Inconsistent Data Loader Error

ColinConwell · December 17, 2018, 6:40am

After writing a custom data loader for the CelebADataset, I’m encountering a strange error wherein the training subset of the dataset is loading correctly, but the test subset is throwing the following, (to me) incomprehensible error:

Here’s my code for the data loader:

def Crop(i, j, h, w):
    def crop(img):
        return transforms.functional.crop(img, i, j, h, w)
    return crop

class CelebADataset(Dataset):
    def __init__(self, root='../CelebADataset', train=True, transform=None, target_transform=None):
        self.root = os.path.expanduser(root)
        self.transform = transform
        self.target_transform = target_transform
        self.train = train
        self.split_file = os.path.join(root, 'NameOfFile.txt')
        
        self.df = pd.read_csv(root + '/list_eval_partition.txt', sep=' ', header=None, names=['filename', 'label'])
        if self.train:
            self.images = self.df[self.df.label==0].filename
        else:
            self.images = self.df[self.df.label==1].filename
            
    def __getitem__(self, index):
        filename = os.path.join(self.root, self.images[index])
        img = Image.open(filename)
        if self.transform:
            img = self.transform(img)
            
        return img
    def __len__(self):
        return len(self.images)

transform = transforms.Compose([Crop(38, 12, 146, 146), transforms.Resize((128,128)), transforms.ToTensor()])
train_dataset = CelebADataset(train=True, transform=transform)
test_dataset = CelebADataset(train=False, transform=transform)
#train_dataset length: 162770
#test_datase length: 19867

train_loader = DataLoader(dataset=train_dataset, batch_size=16, num_workers=8, shuffle=True)
test_loader = DataLoader(dataset=test_dataset, batch_size=16, num_workers=8, shuffle=False)

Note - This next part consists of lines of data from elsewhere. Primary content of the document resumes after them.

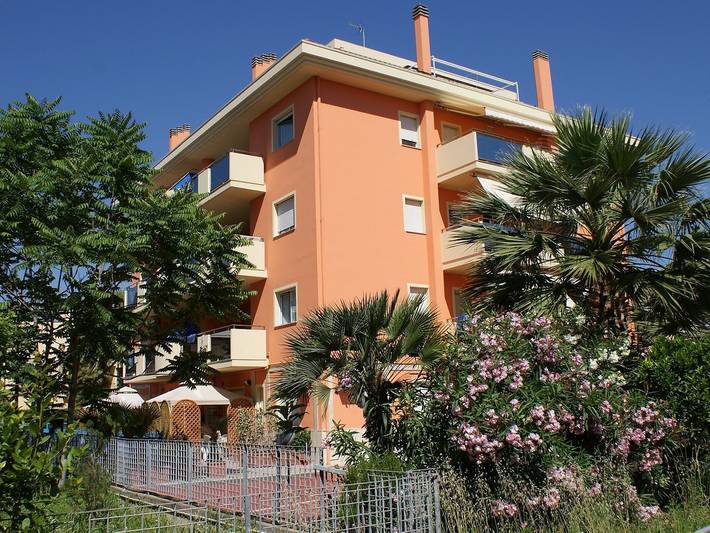 Vakantiewoning voor 4 personen, met Balkon in San Benedetto del Tronto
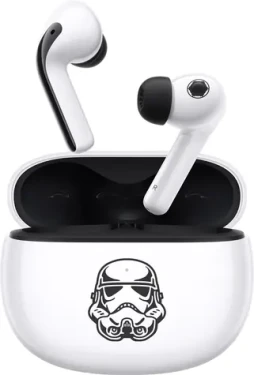 Xiaomi Buds 3 Star Wars Edition Stormtrooper / Bezdrátová sluchátka / mikrofon / ANC / Bluetooth 5.2 / IP55 (45429)
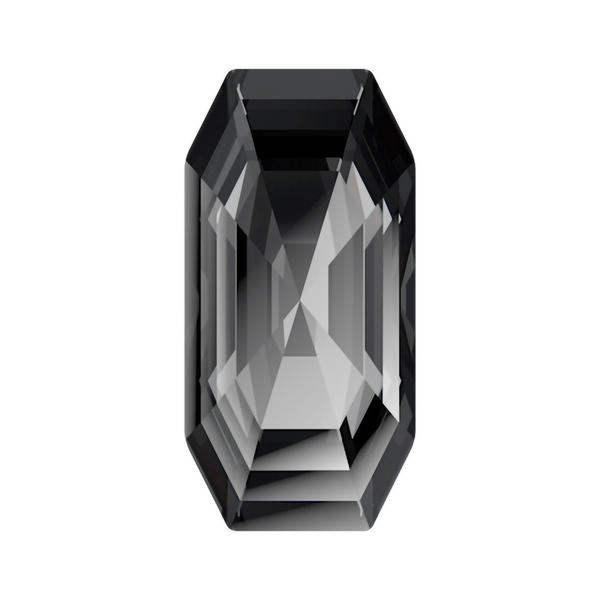 Swarovski Fancy Stones 4595 16 x 8 mm Crystal Silver Night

The error occurs when I call the dataloader as so:

imgs = next(iter(loader))

While the train loader works, the test loader does not.

I’ve examined the images in the dataset and can find no obvious reason for this discrepancy. (It’s worth noting that the images are definitely there, and seem to be accessible.)

I’d be much obliged for any advice!

ptrblck · December 17, 2018, 7:34am

It looks like pandas is throwing a KeyError for the index 19550.
Could you check, if this index is accessible as test_dataset.images[19550]?

ColinConwell · December 17, 2018, 8:37am

Thanks for the rapid reply!

test_dataset.images[19550] also throws a key error.

Is there a way I can assess which image it’s pointing to in order to assess whether that image is in the directory?

ColinConwell · December 17, 2018, 8:42am

To note, I’ve now tried test_dataset.images[] on a number of indices. All of them are throwing key errors.

ptrblck · December 17, 2018, 9:57am

Thanks for the info. In that case your pd.DataFrame seems to have some invalid indices.
Try to print its content and check, which indices/keys are expected.